** Extracted records follows **

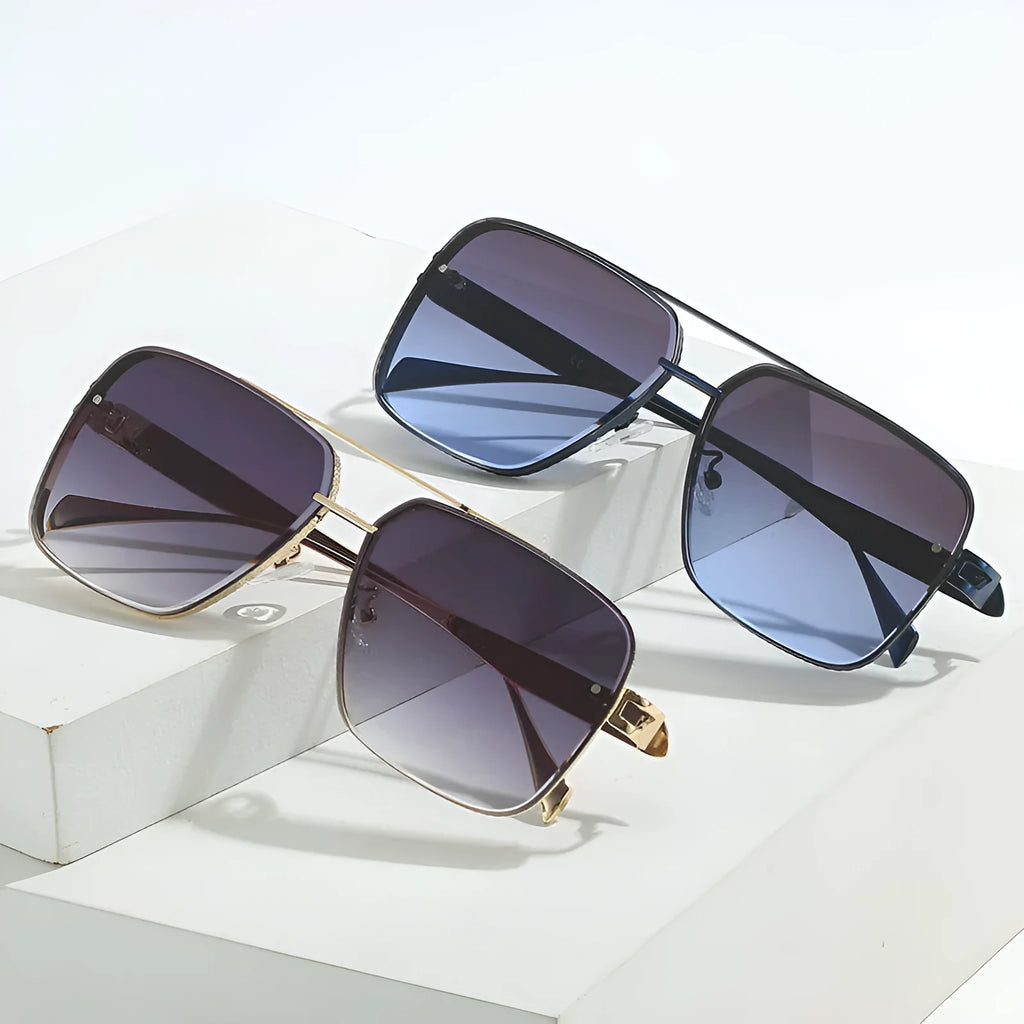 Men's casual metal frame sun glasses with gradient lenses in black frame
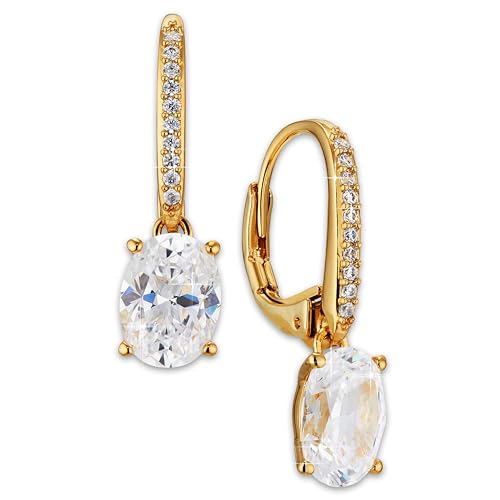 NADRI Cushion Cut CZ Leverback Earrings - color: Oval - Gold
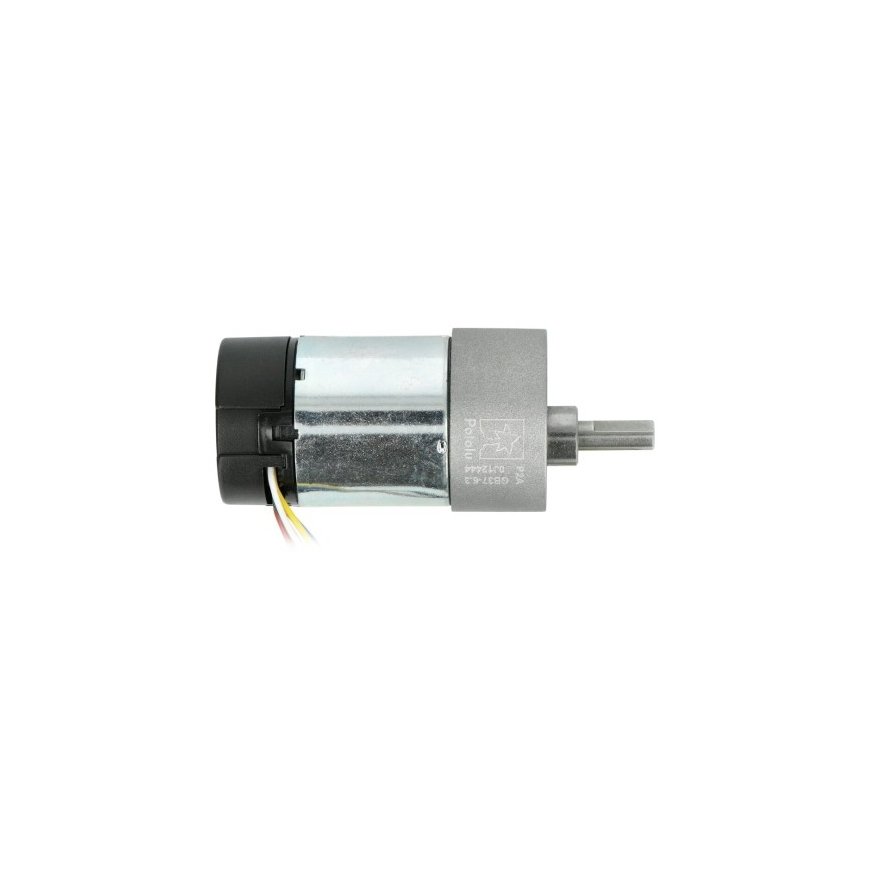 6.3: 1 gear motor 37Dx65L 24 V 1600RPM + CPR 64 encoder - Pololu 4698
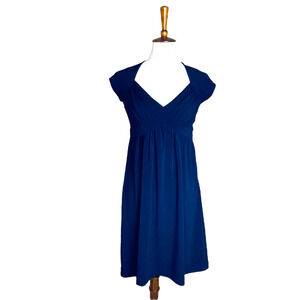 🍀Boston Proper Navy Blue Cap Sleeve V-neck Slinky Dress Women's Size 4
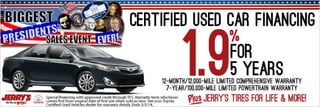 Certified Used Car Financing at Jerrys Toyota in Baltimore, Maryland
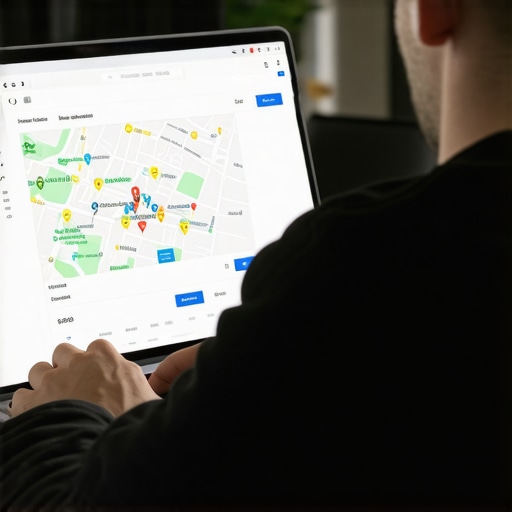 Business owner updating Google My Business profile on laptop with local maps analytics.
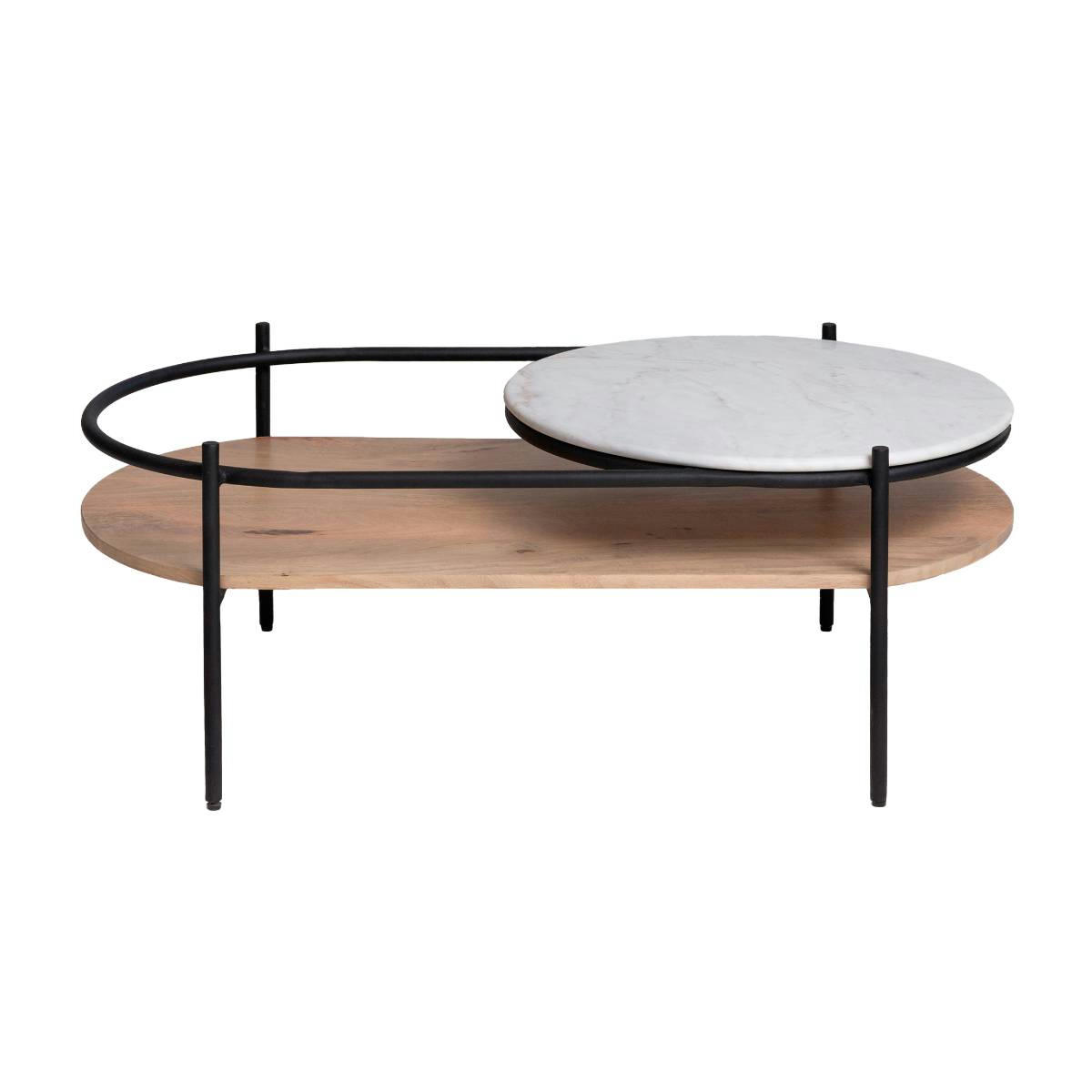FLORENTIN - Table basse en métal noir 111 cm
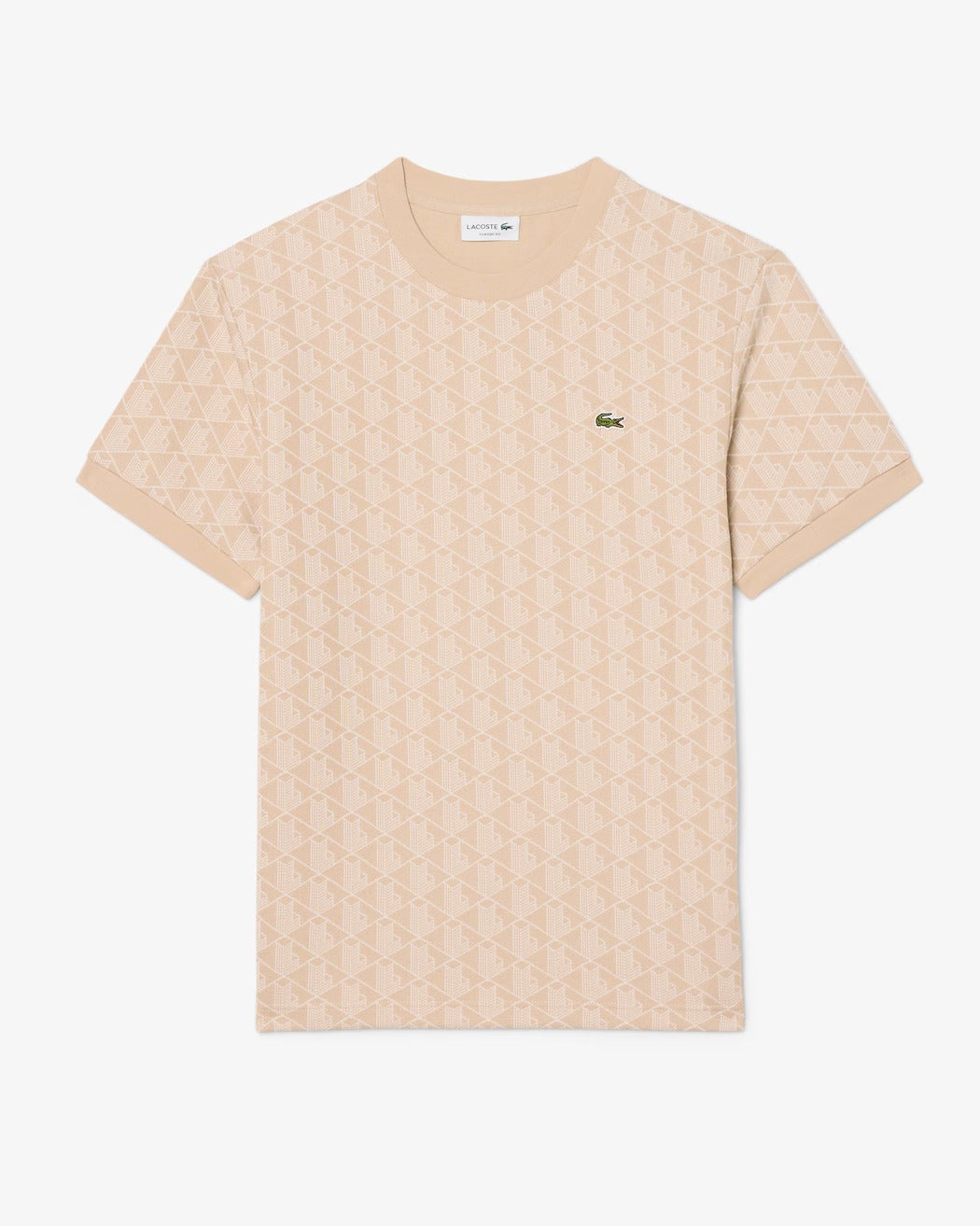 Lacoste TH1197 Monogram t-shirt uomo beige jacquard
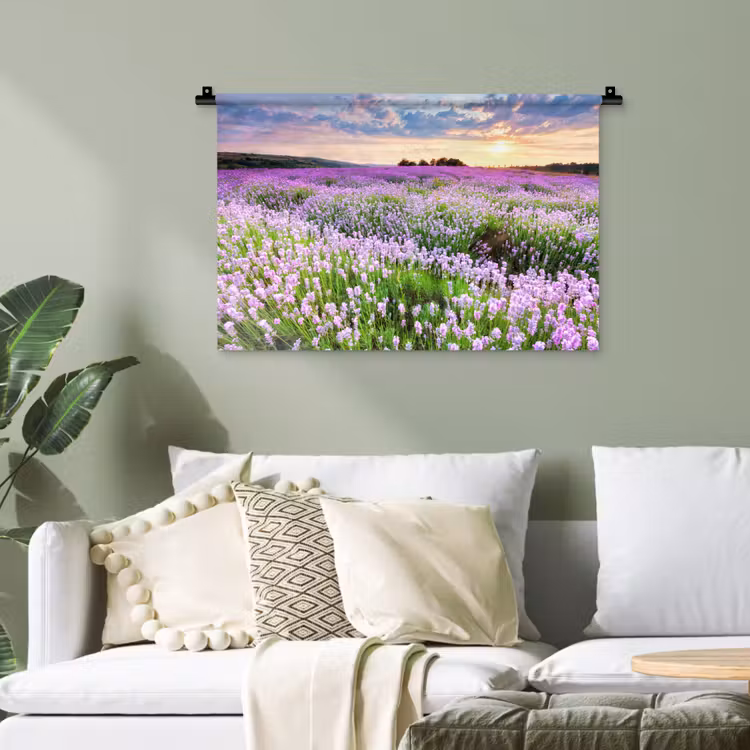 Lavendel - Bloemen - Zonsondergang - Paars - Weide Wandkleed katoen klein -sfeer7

** End of Extracted records **

• _What is expected_
Write out exactly the stretch of lines that begins with the line containing "Certified Used Car" and ends with the last line of the records above, leaving out the pictures.

• _Task answer_
 Certified Used Car Financing at Jerrys Toyota in Baltimore, Maryland
 Business owner updating Google My Business profile on laptop with local maps analytics.
FLORENTIN - Table basse en métal noir 111 cm
 Lacoste TH1197 Monogram t-shirt uomo beige jacquard
 Lavendel - Bloemen - Zonsondergang - Paars - Weide Wandkleed katoen klein -sfeer7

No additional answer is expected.